TASK TO COMPLETE: Exact reproduction required: print each line of the material below.

PROVIDED ENTRIES:
------------------------------

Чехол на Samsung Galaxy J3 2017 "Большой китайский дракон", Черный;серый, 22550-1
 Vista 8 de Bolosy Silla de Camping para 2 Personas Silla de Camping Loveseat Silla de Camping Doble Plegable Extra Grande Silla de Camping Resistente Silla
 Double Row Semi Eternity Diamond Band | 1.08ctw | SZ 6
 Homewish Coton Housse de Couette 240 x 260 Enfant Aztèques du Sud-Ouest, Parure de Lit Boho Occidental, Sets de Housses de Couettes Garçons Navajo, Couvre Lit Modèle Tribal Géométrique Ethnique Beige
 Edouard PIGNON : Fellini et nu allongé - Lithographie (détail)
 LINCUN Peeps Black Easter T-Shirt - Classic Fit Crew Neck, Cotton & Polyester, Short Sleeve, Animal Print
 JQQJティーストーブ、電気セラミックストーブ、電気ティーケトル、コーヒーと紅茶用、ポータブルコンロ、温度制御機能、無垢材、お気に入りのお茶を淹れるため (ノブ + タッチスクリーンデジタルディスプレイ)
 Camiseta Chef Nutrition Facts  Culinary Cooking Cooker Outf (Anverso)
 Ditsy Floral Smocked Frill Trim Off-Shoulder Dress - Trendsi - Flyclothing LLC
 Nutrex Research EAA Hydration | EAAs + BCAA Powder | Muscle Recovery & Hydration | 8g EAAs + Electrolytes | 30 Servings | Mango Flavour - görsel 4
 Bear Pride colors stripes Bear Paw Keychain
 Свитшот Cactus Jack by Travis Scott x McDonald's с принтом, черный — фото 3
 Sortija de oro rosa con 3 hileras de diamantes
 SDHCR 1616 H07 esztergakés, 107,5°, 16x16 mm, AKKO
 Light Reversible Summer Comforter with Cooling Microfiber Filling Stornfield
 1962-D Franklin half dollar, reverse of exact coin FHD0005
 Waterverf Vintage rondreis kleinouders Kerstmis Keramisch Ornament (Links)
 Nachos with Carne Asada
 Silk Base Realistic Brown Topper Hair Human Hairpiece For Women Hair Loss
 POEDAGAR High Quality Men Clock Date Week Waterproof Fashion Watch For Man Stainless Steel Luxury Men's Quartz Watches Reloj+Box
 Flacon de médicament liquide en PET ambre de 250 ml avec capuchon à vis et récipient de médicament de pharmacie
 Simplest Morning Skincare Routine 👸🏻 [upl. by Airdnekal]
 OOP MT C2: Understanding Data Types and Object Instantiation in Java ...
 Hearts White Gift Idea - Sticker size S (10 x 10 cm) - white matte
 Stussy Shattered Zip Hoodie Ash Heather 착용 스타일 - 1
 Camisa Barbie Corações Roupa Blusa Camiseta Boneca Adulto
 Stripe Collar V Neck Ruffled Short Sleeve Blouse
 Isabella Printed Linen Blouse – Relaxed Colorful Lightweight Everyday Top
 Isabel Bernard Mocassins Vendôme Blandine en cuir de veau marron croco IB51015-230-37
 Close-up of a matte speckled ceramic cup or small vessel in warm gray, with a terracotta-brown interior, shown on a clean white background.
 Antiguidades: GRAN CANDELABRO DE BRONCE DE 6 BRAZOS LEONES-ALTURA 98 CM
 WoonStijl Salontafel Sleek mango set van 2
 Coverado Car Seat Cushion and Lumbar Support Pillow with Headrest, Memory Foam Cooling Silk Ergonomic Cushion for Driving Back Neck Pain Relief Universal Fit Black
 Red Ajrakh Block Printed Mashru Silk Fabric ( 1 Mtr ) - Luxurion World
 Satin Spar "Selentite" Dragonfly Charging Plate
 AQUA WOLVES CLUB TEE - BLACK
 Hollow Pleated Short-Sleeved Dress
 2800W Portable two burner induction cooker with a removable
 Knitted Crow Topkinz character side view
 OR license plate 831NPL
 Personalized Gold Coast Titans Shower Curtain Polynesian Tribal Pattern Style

------------------------------

PROBLEM SOLUTION:
Чехол на Samsung Galaxy J3 2017 "Большой китайский дракон", Черный;серый, 22550-1
 Vista 8 de Bolosy Silla de Camping para 2 Personas Silla de Camping Loveseat Silla de Camping Doble Plegable Extra Grande Silla de Camping Resistente Silla
 Double Row Semi Eternity Diamond Band | 1.08ctw | SZ 6
 Homewish Coton Housse de Couette 240 x 260 Enfant Aztèques du Sud-Ouest, Parure de Lit Boho Occidental, Sets de Housses de Couettes Garçons Navajo, Couvre Lit Modèle Tribal Géométrique Ethnique Beige
 Edouard PIGNON : Fellini et nu allongé - Lithographie (détail)
 LINCUN Peeps Black Easter T-Shirt - Classic Fit Crew Neck, Cotton & Polyester, Short Sleeve, Animal Print
 JQQJティーストーブ、電気セラミックストーブ、電気ティーケトル、コーヒーと紅茶用、ポータブルコンロ、温度制御機能、無垢材、お気に入りのお茶を淹れるため (ノブ + タッチスクリーンデジタルディスプレイ)
 Camiseta Chef Nutrition Facts  Culinary Cooking Cooker Outf (Anverso)
 Ditsy Floral Smocked Frill Trim Off-Shoulder Dress - Trendsi - Flyclothing LLC
 Nutrex Research EAA Hydration | EAAs + BCAA Powder | Muscle Recovery & Hydration | 8g EAAs + Electrolytes | 30 Servings | Mango Flavour - görsel 4
 Bear Pride colors stripes Bear Paw Keychain
 Свитшот Cactus Jack by Travis Scott x McDonald's с принтом, черный — фото 3
 Sortija de oro rosa con 3 hileras de diamantes
 SDHCR 1616 H07 esztergakés, 107,5°, 16x16 mm, AKKO
 Light Reversible Summer Comforter with Cooling Microfiber Filling Stornfield
 1962-D Franklin half dollar, reverse of exact coin FHD0005
 Waterverf Vintage rondreis kleinouders Kerstmis Keramisch Ornament (Links)
 Nachos with Carne Asada
 Silk Base Realistic Brown Topper Hair Human Hairpiece For Women Hair Loss
 POEDAGAR High Quality Men Clock Date Week Waterproof Fashion Watch For Man Stainless Steel Luxury Men's Quartz Watches Reloj+Box
 Flacon de médicament liquide en PET ambre de 250 ml avec capuchon à vis et récipient de médicament de pharmacie
 Simplest Morning Skincare Routine 👸🏻 [upl. by Airdnekal]
 OOP MT C2: Understanding Data Types and Object Instantiation in Java ...
 Hearts White Gift Idea - Sticker size S (10 x 10 cm) - white matte
 Stussy Shattered Zip Hoodie Ash Heather 착용 스타일 - 1
 Camisa Barbie Corações Roupa Blusa Camiseta Boneca Adulto
 Stripe Collar V Neck Ruffled Short Sleeve Blouse
 Isabella Printed Linen Blouse – Relaxed Colorful Lightweight Everyday Top
 Isabel Bernard Mocassins Vendôme Blandine en cuir de veau marron croco IB51015-230-37
 Close-up of a matte speckled ceramic cup or small vessel in warm gray, with a terracotta-brown interior, shown on a clean white background.
 Antiguidades: GRAN CANDELABRO DE BRONCE DE 6 BRAZOS LEONES-ALTURA 98 CM
 WoonStijl Salontafel Sleek mango set van 2
 Coverado Car Seat Cushion and Lumbar Support Pillow with Headrest, Memory Foam Cooling Silk Ergonomic Cushion for Driving Back Neck Pain Relief Universal Fit Black
 Red Ajrakh Block Printed Mashru Silk Fabric ( 1 Mtr ) - Luxurion World
 Satin Spar "Selentite" Dragonfly Charging Plate
 AQUA WOLVES CLUB TEE - BLACK
 Hollow Pleated Short-Sleeved Dress
 2800W Portable two burner induction cooker with a removable
 Knitted Crow Topkinz character side view
 OR license plate 831NPL
 Personalized Gold Coast Titans Shower Curtain Polynesian Tribal Pattern Style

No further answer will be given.